**Activity**
Once you reach the line with "Dolce & Gabbana", copy it and every line after it exactly, up to the end of the data. Omit the pictures.

**Data segment**
------------------------------------

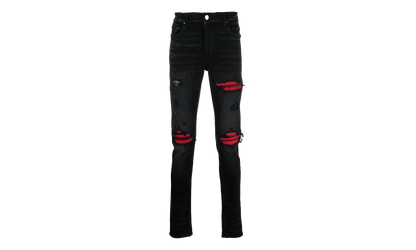MX1 Ultra Suede Patch Jeans "Aged Black Red" AW22MDS010 023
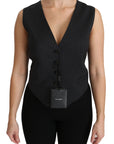 Dolce & Gabbana Chic Black Dotted Wool Blend Sleeveless Vest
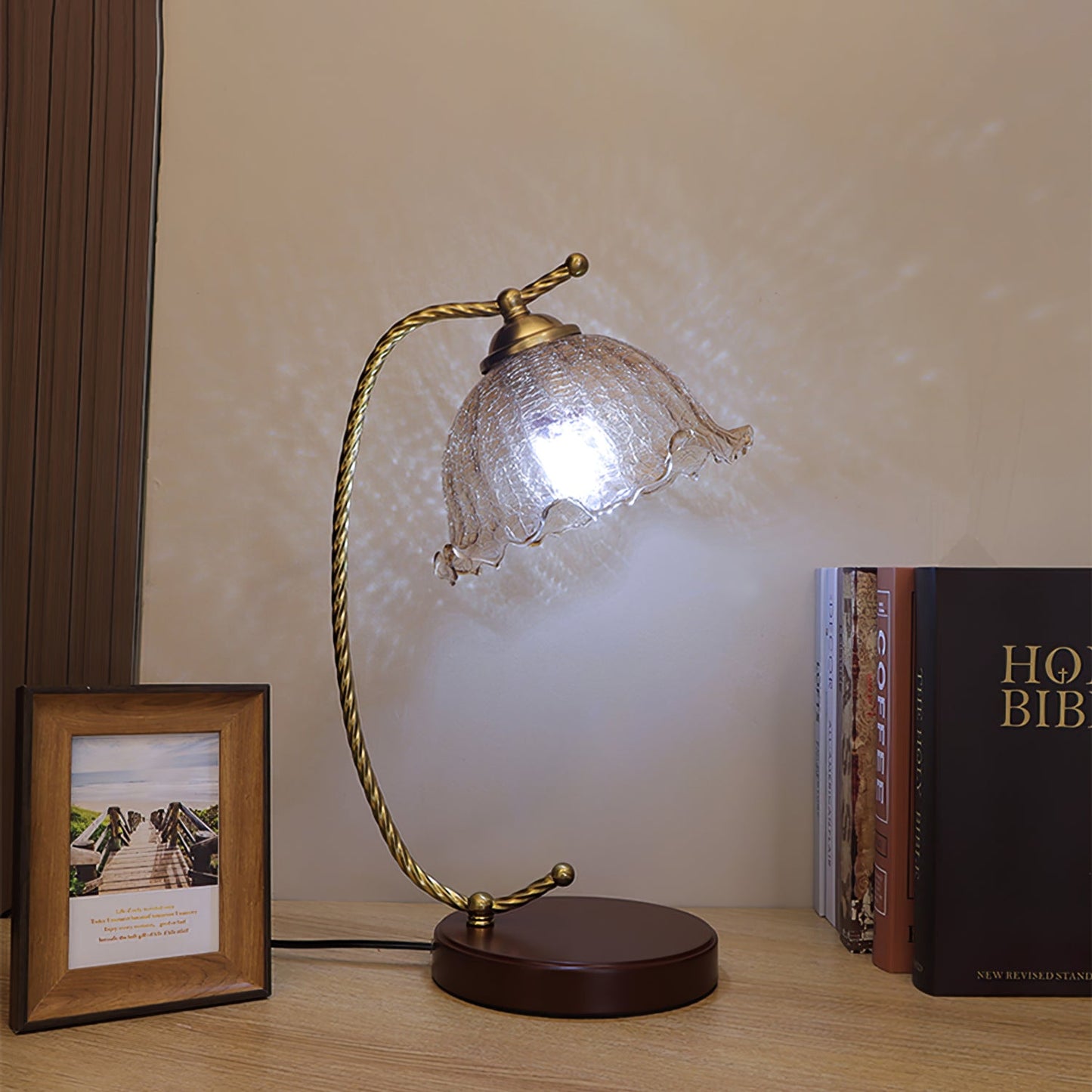 Dotty Table Lamp | Metal, Iron, Fabric, Glass | Gold, Walnut color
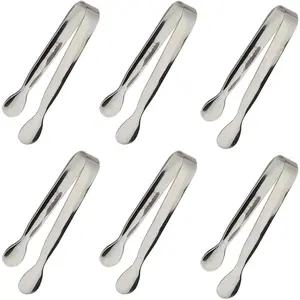 6PCS Ice Tongs Mini Sugar Tongs 4.25Inch Stainless Steel Kitchen Utensils Set,Small Serving Tong and Tiny Kitchen Tong for Appetizers,Tea Party, Coffee Bar, Desserts (Silver)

------------------------------------

**Answer box**
 Dolce & Gabbana Chic Black Dotted Wool Blend Sleeveless Vest
 Dotty Table Lamp | Metal, Iron, Fabric, Glass | Gold, Walnut color
 6PCS Ice Tongs Mini Sugar Tongs 4.25Inch Stainless Steel Kitchen Utensils Set,Small Serving Tong and Tiny Kitchen Tong for Appetizers,Tea Party, Coffee Bar, Desserts (Silver)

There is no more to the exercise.